An anterior clinoidectomy can provide enormous benefits, facilitating the management of paraclinoid and upper basilar artery lesions, but it also carries the potential risk of cerebrospinal fluid leaks. The aim of this study was to assess the variation in the pneumatization of the anterior clinoid process (ACP) in an attempt to reduce the complications associated with an anterior clinoidectomy.

Methods

The authors analyzed the anatomical variations in the pneumatization of the ACP and optical strut (OS) in 600 sides of 300 consecutive patients by using multidetector-row computed tomography (CT). Computed tomography scans with a 0.5-mm thickness were obtained, and coronal and sagittal reconstructions of the images were displayed in all cases. Pneumatization of the ACP was found in 9.2% of all sides.
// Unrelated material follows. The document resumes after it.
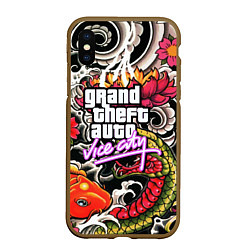 Чехол iPhone XS Max матовый GTA vice city yakudza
The origin of pneumatization was the sphenoid sinus in 81.8% of all the sides, the ethmoid sinus in 10.9%, and both of these sinuses in 7.3%. Pneumatized patterns were divided into three groups according to the route: 74.5% were Type I, in which pneumatization occurred via the OS; 14.5% were Type II, pneumatization via the anterior root (AR); and 10.9% were Type III, pneumatization via both the OS and the AR. The origin of pneumatization and the pneumatization pattern showed statistical dependence (p < 0.001). Pneumatization of the OS beyond its narrowest point was found in 6.8% of all sides.

Conclusions

An awareness of the different variations in pneumatization can prevent destruction of the mucous membrane and facilitate orientation during reconstruction with cranialization. During an anterior clinoidectomy, preoperative CT assessments are necessary to evaluate pneumatization of the ACP.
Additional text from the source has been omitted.